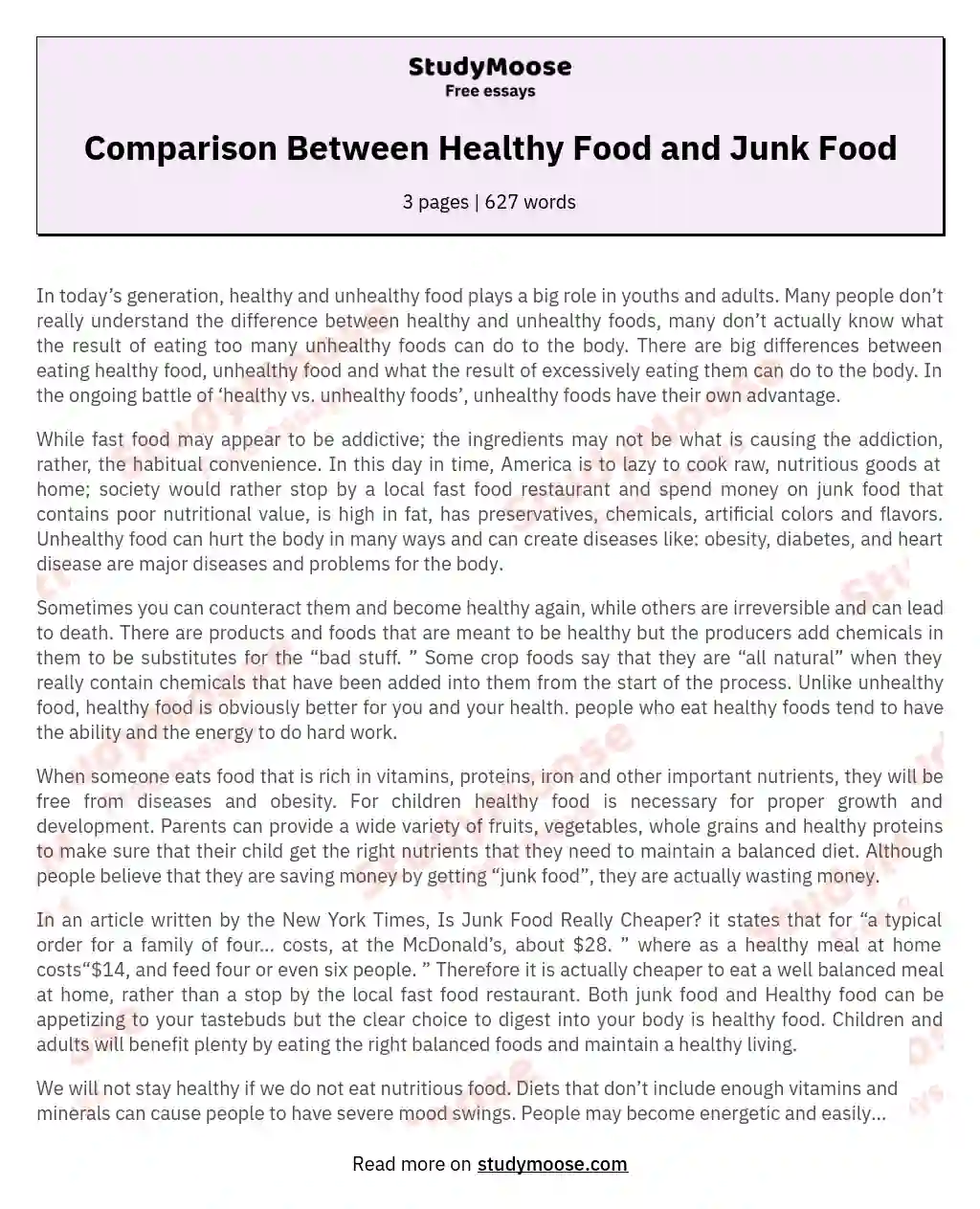 Comparison Between Healthy Food and Junk Food essay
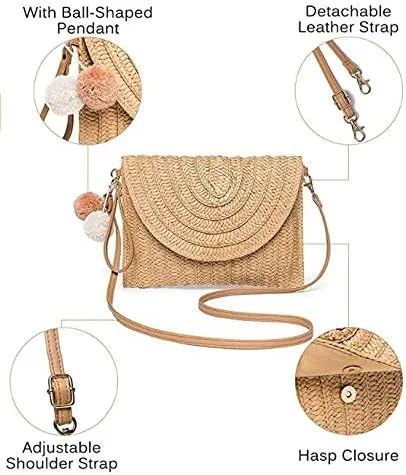 Vista 6 de MOBEBI Bolsa tejida de ratán, bolsa de hombro, bolsa de pajita, bolsa de verano para la noche, bolso de mano, tejido de pajita, bolsa de paja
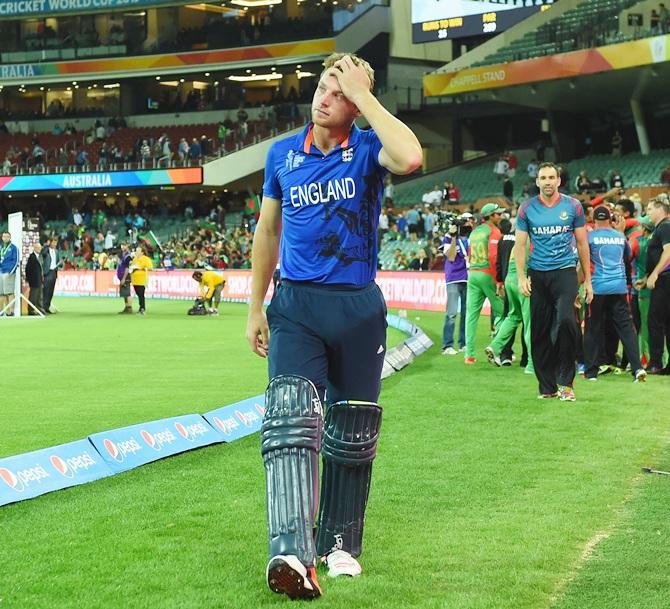 England vice captain Jos Buttler looks dejected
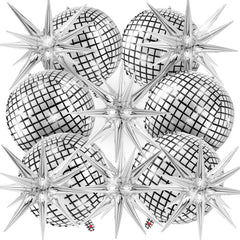 AIQINHU disco ball balloons in silver with a mirror finish for glam party vibes.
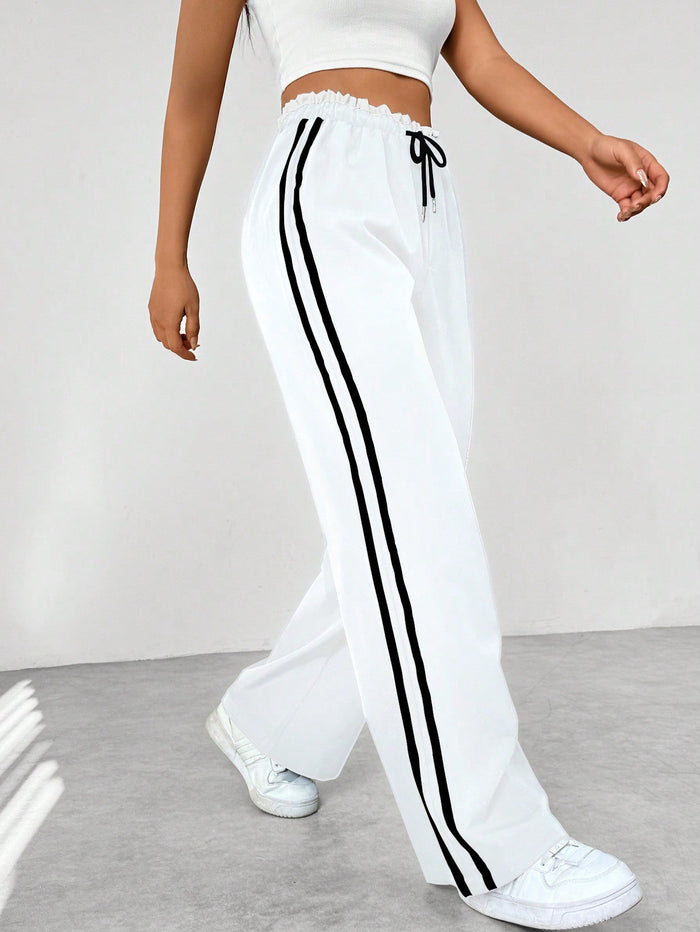 Amelia - Women's Wide Leg Pants Comfort Fit with Side Stripe Drawstring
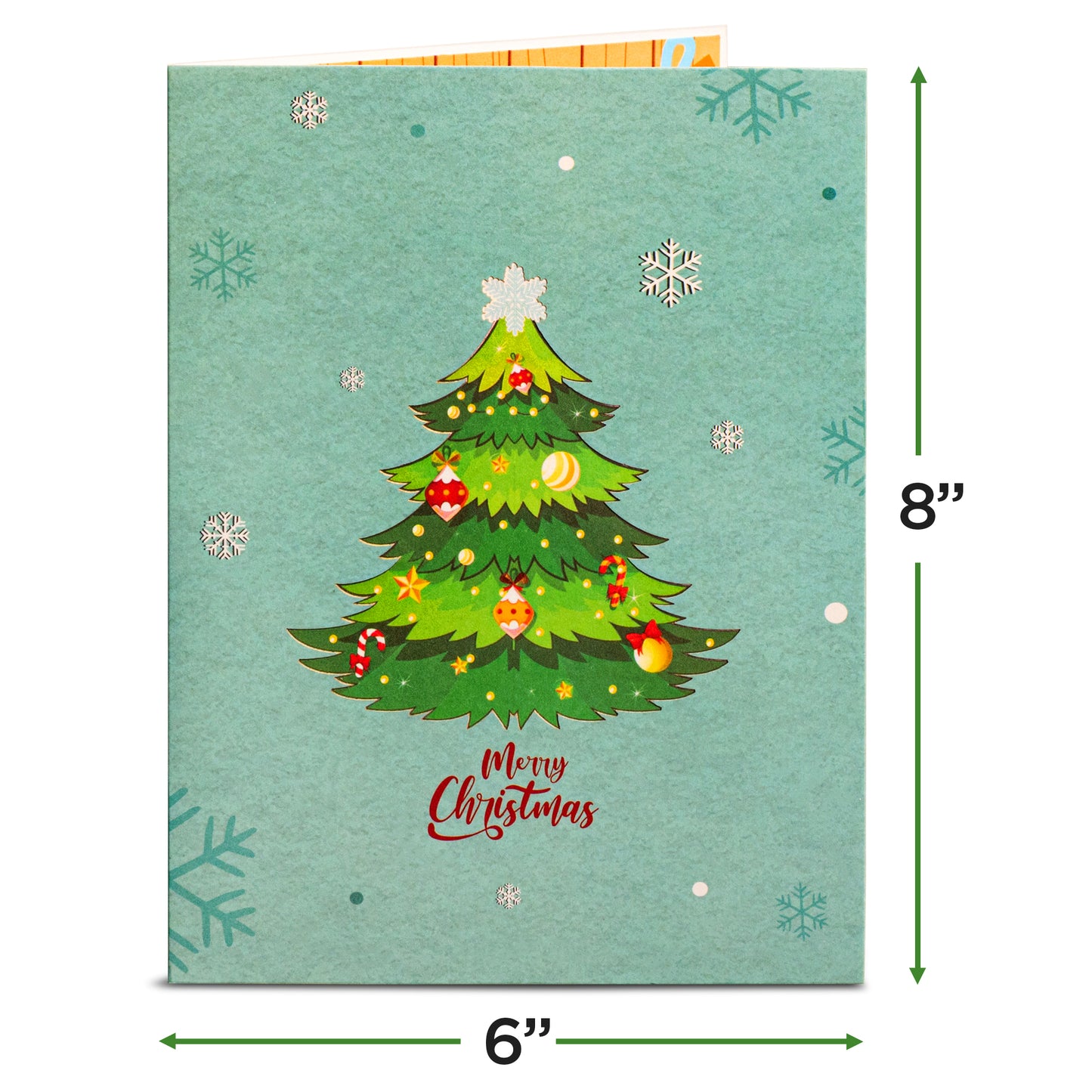 Closed Christmas tree card with 'Merry Christmas' text and snowflake design.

To do:
The answer must be the lines from the first one in the records through the line containing "England vice captain", copied exactly, with no pictures.

Response:
 Comparison Between Healthy Food and Junk Food essay
 Vista 6 de MOBEBI Bolsa tejida de ratán, bolsa de hombro, bolsa de pajita, bolsa de verano para la noche, bolso de mano, tejido de pajita, bolsa de paja
 England vice captain Jos Buttler looks dejected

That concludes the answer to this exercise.